* DATA SUPPLIED *
++++++++++
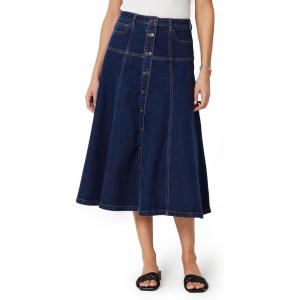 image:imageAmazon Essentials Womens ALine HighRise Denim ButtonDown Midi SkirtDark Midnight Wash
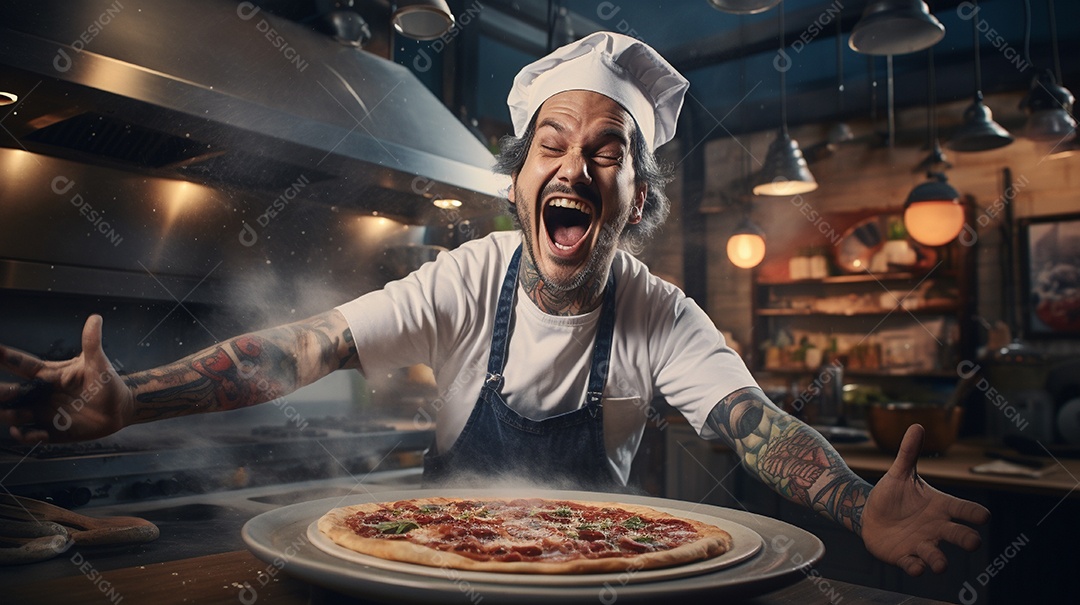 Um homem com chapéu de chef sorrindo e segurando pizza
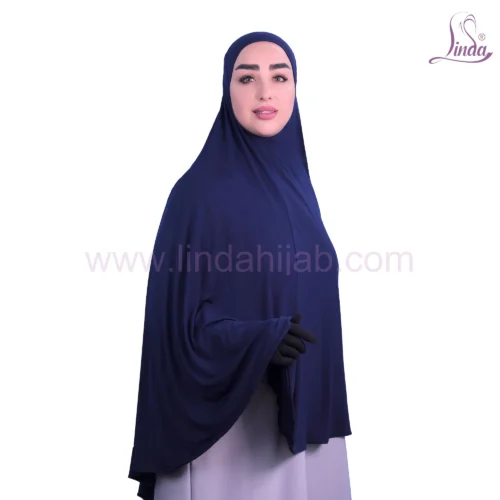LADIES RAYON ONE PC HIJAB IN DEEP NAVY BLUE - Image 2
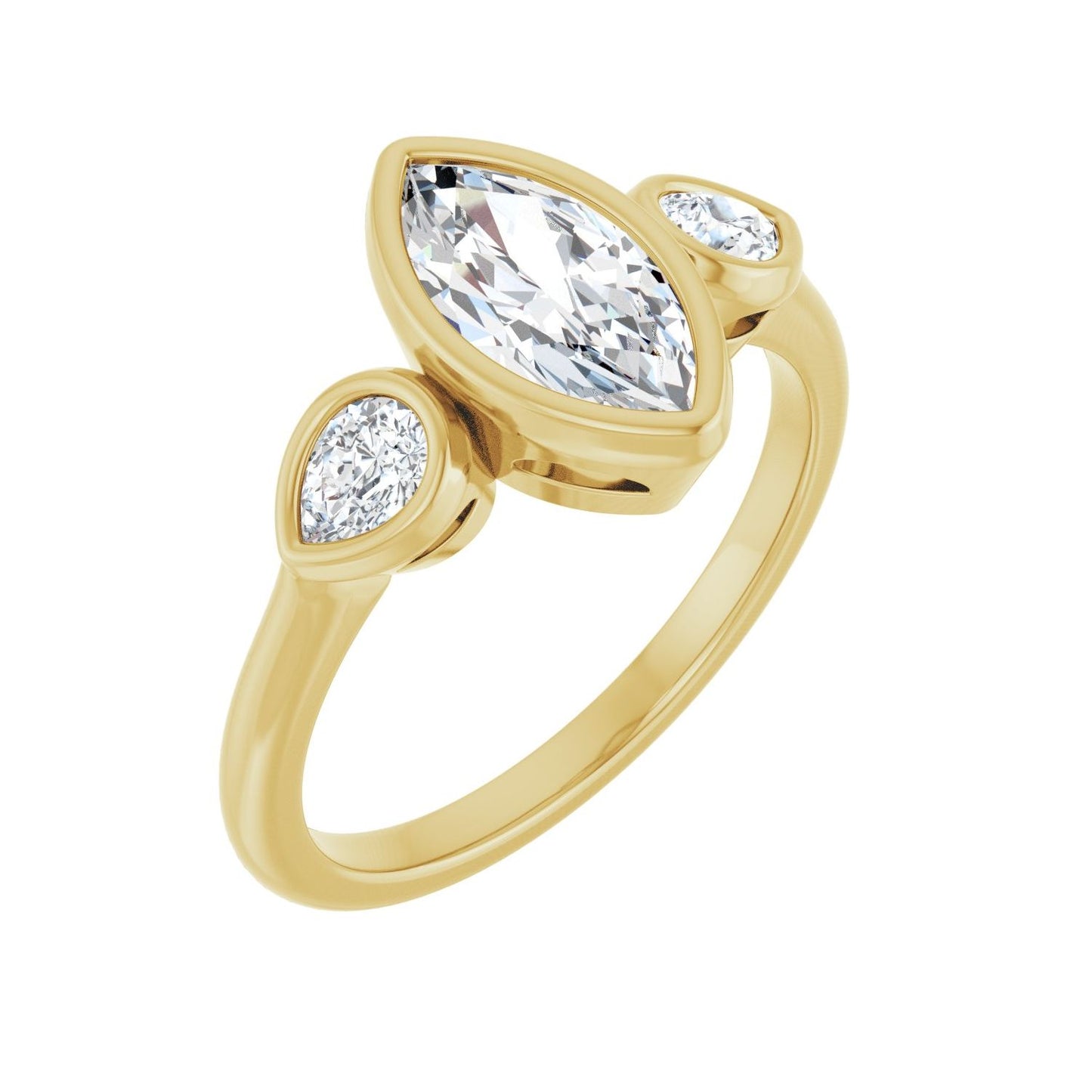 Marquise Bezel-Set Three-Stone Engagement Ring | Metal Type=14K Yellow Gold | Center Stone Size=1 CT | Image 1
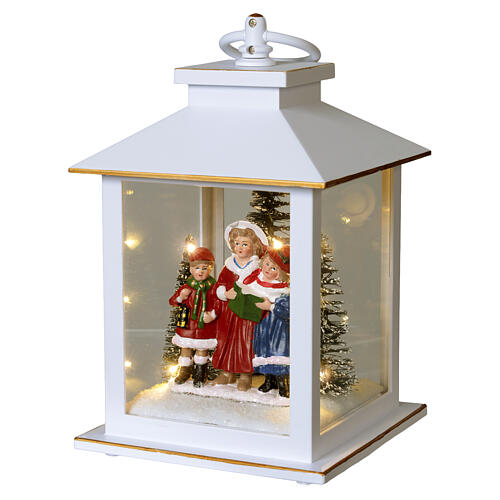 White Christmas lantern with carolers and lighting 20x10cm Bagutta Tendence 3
++++++++++
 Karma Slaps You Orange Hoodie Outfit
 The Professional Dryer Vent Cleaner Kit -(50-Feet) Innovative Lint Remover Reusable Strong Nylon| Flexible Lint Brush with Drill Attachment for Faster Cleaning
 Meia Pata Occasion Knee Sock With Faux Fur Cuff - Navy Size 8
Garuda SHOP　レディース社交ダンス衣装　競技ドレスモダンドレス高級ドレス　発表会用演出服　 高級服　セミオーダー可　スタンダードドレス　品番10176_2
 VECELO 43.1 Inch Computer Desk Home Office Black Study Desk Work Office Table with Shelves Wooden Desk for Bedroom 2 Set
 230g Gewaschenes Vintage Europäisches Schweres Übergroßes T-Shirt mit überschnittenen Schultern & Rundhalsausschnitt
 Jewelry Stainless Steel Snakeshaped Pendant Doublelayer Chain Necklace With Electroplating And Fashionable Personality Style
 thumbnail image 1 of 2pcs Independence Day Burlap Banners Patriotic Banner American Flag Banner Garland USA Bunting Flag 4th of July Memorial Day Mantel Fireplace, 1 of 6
++++++++++
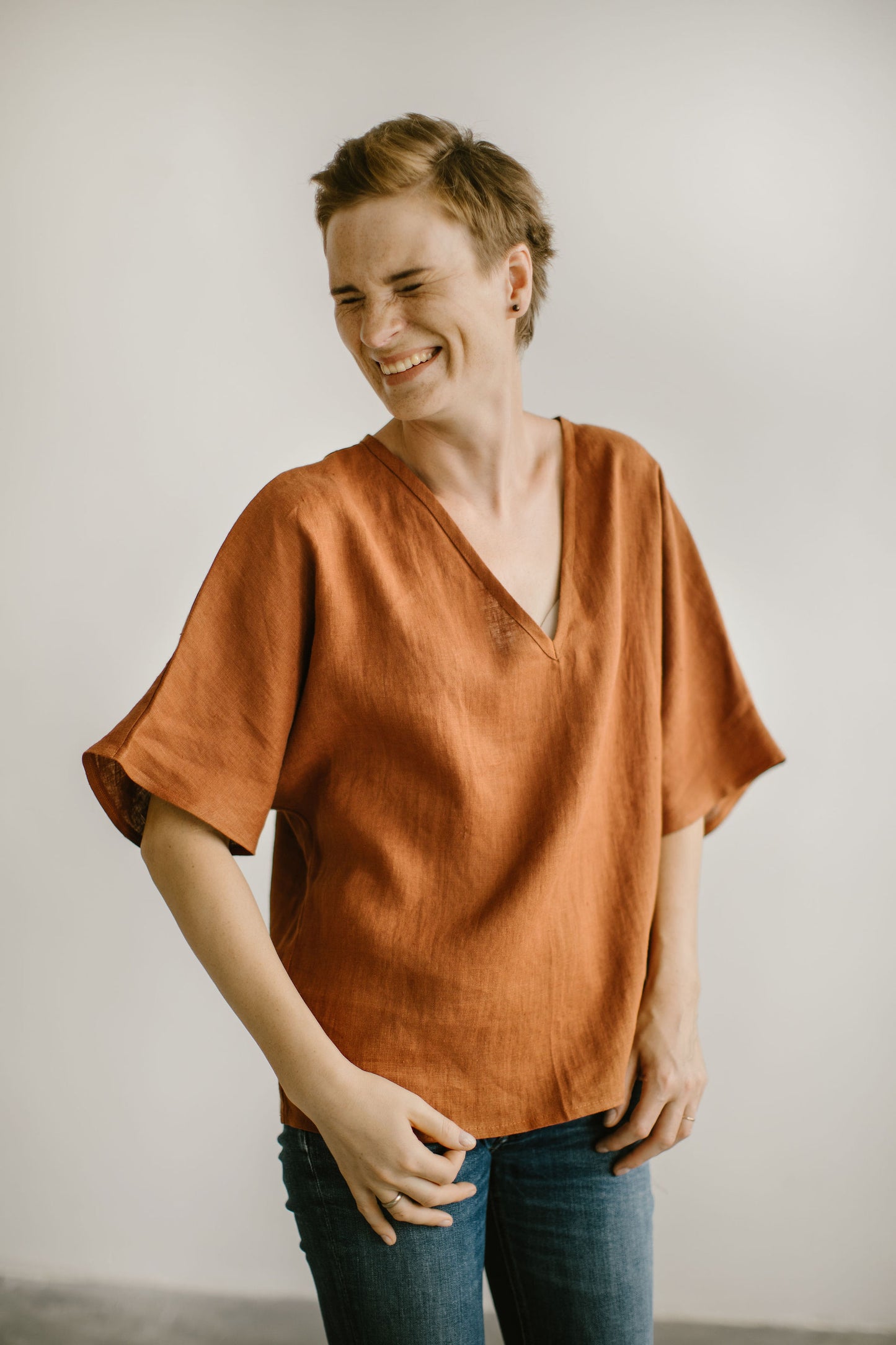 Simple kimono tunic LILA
++++++++++
* TASK TO CARRY OUT *
Copy nothing but the lines above from the one with "LADIES RAYON ONE" to the one with "White Christmas lantern", inclusive, word for word. Leave every picture out.

* ANSWER TO THE EXERCISE *
LADIES RAYON ONE PC HIJAB IN DEEP NAVY BLUE - Image 2
 Marquise Bezel-Set Three-Stone Engagement Ring | Metal Type=14K Yellow Gold | Center Stone Size=1 CT | Image 1
 White Christmas lantern with carolers and lighting 20x10cm Bagutta Tendence 3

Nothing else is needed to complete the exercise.